El pasado jueves estuve en la interesante conferencia de Mary Harrington en el Ateneu Barcelonès que llevaba por título «¿El progreso es una creencia o un hecho?». Me encantó asistir. Fue una breve intervención de treinta minutos, seguida de otra media hora de animado coloquio, que ponía de manifiesto la curiosa mezcla de progreso tecnológico y del supuesto progreso moral que ha presidido el desarrollo de nuestra sociedad en las últimas décadas. Como es sabido, la idea de progreso atraviesa los dos últimos siglos de la cultura occidental, pero a estas alturas del siglo XXI casi todos nos cuestionamos qué es realmente el progreso y qué novedades son sanas y cuáles directamente nocivas.

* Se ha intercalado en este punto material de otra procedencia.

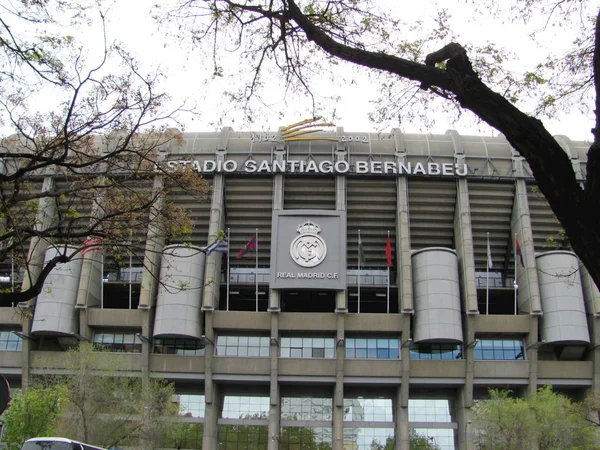 Real Madrid Santiago Bernabeu Stadyumu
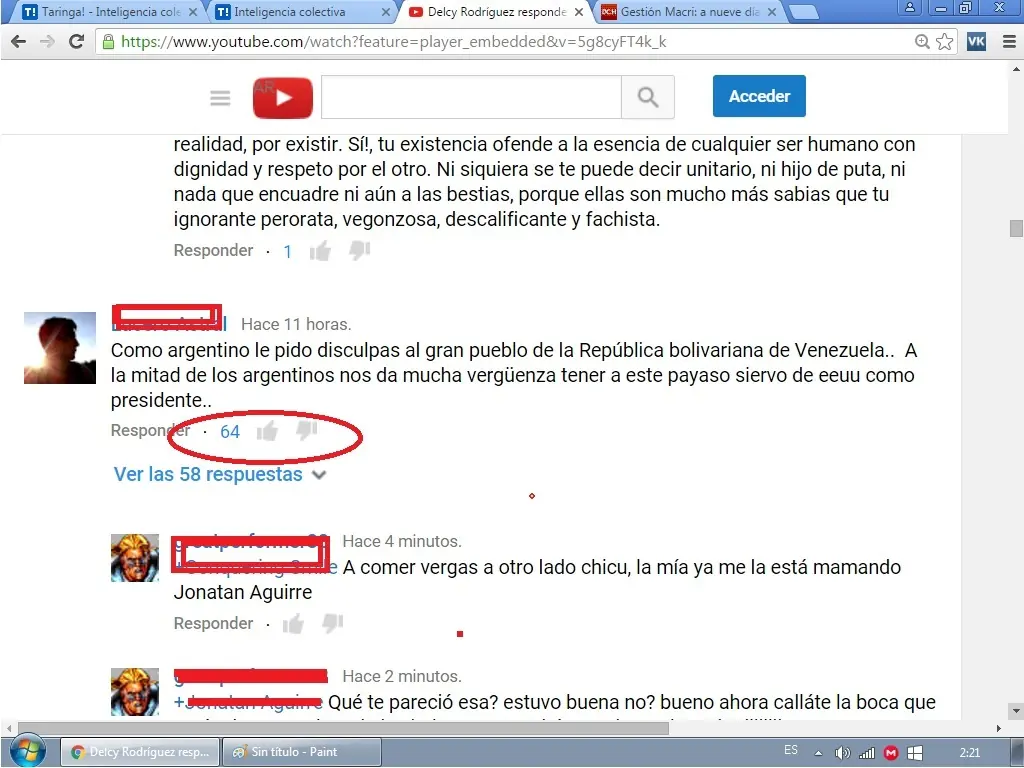 gente habla de macri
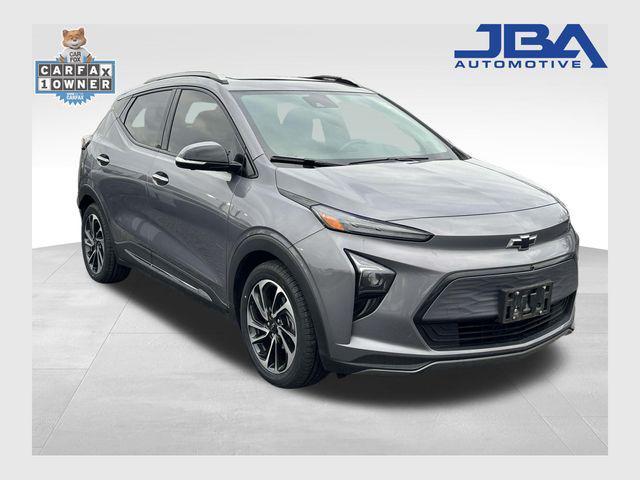 used 2022 Chevrolet Bolt EUV car, priced at $15,997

Acudí a la conferencia porque el lunes precedente había podido leer la excelente entrevista que le había hecho Lluis Amiguet en «La Vanguardia» (20 mayo 2024). En aquella entrevista se destacaba entre otras cosas cómo la maternidad había transformado el feminismo de Mary Harrington: «Al ser madre me quedaron claras algunas razones de por qué las cosas son como son. En cambio, el feminismo radical no asume la maternidad. No hay un feminismo promaternal». En su conferencia —que se ha publicado en Substack— nos decía Harrington que ella no cree en el progreso, porque la mentalidad progresista pone en el centro de su atención la tecnología, y eso lo hace a costa del descarrío moral, de hacernos menos humanos.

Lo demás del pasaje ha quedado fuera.